According to Shen Yi, who is responsible for Eleme’s promotion of afternoon tea, March to May is the period when beverage brands introduce new products.

“Mulberry, longan and heavy cream are the three main ingredients beverage brands like to use in their spring drinks,” Shen said.

“Two items popped up this year. One is sakura and the other is peach oolong,” he said. “This year, people can’t go to Japan to see the sakura blossoms because of the COVID-19 pandemic, so many drink brands have not only added sakura flavors to their drinks but also use sakura elements in their derivative products, such as cup covers and bags, to create a spring atmosphere. Peach oolong is another.”

This month, the Japanese style garden at the Hotel New Otani Chang Fu Gong in Beijing launched a sakura-themed afternoon tea session in which tea and sakura drinks are paired with desserts made from cherries and all the desserts are served on Japanese style tableware.

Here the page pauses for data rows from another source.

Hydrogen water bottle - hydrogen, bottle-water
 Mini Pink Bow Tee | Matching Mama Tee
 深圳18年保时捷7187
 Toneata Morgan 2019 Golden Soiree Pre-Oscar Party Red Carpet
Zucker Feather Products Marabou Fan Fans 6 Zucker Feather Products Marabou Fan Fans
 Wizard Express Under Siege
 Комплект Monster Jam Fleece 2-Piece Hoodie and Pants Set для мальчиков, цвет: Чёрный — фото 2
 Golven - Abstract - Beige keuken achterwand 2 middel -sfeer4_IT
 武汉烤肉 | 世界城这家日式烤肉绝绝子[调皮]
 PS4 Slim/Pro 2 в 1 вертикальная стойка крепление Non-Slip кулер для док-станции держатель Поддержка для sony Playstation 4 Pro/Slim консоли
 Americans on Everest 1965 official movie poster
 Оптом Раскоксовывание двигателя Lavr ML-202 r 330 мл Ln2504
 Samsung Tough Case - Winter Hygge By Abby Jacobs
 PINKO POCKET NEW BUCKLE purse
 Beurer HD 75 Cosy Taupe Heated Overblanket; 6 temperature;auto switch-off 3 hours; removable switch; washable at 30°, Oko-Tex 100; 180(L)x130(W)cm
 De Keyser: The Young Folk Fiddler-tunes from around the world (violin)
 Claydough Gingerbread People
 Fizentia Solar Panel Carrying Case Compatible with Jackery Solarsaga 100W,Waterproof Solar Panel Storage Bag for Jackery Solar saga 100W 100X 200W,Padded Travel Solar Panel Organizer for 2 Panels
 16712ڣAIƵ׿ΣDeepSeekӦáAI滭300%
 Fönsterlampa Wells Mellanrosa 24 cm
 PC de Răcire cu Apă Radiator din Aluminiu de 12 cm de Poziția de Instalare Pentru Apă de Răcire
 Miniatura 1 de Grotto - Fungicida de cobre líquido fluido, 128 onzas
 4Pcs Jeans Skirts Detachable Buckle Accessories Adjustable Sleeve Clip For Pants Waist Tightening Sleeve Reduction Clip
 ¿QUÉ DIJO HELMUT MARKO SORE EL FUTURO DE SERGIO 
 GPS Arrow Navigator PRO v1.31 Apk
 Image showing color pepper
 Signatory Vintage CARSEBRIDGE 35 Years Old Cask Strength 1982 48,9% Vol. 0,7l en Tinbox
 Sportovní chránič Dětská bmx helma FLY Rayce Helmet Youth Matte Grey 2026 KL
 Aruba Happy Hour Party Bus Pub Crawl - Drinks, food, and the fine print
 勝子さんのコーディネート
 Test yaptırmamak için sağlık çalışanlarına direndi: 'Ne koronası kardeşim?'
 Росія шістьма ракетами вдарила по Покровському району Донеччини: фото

Shen said consumption of pure tea drinks has been rising as customers look for more healthy drinks, even though milk tea is still the best-selling product. “Milk tea brands are also updating their products by offering choices with less sugar and less milk to meet customers’ needs,” he added.

He said tea customs vary in different parts of China. For example, customers in cities in the southeastern coastal areas order drinks from as early as 11 am to as late as 9 pm, whilst customers in western and northern cities prefer to drink tea in the afternoon.

“If company employees order tea drinks together, they often also order three kinds of sides: fried chicken or pot-stewed food; fruit slices such as strawberry, watermelon and honeydew; and snacks from supermarkets,” he added. 

This year, LeLecha launched three new products for the spring season: sakura milk tea; sweet green rice ball and red bean milk tea; and iced mango cream.

According to Guo Sihan, LeLecha’s deputy general manager, each new product has been developed by the company’s team via numerous tests. 

“Take sakura milk tea as an example, the main color is pink, and the appearance brings the feel of spring. There are macaron, mashed strawberries, mashed mangoes and dragon fruit juice in the drink, and the order in which each ingredient is added has been carefully worked out by our research staff,” she said.

Guo added that the base tea is selected according to the flavor of each product. “Whether the base tea suits the flavor of a drink determines if the product is good or not to a great extent,” she said. 

She took sweet green rice ball and red bean milk tea as an example — the base is Assam tea, whose leaves are thin and dark brown with a slightly malty and rosy odor — and noted that the flavor is a good fit with the glutinous rice balls and the sweet and smooth mashed red beans and taro.

With 66 milk tea outlets in 11 cities nationwide, LeLecha is known for crossover collaborations with other brands, matching their tea products and breads.

To pair their sweet green rice ball and red bean milk tea, LeLecha collaborated with the Shanghai snack brand Shendacheng to launch two types of breads made from sweet green rice balls.

Guo said the company’s customers are mainly women aged 18 to 35. Though they live in different cities and do different jobs, they have many things in common — they love food, life, new things and sharing with others.

Collaboration with other brands is a good way to maintain the connection between the brand and the customers, she added.

“In March, we cooperated with an ice cream brand to co-launch a honeydew flavor drink, and in April, we cooperated with Lady Penguin, a Chinese wine brand, to release a spring gift box that includes sakura sparkling wine, a sakura glass and a sakura coaster,” Guo said.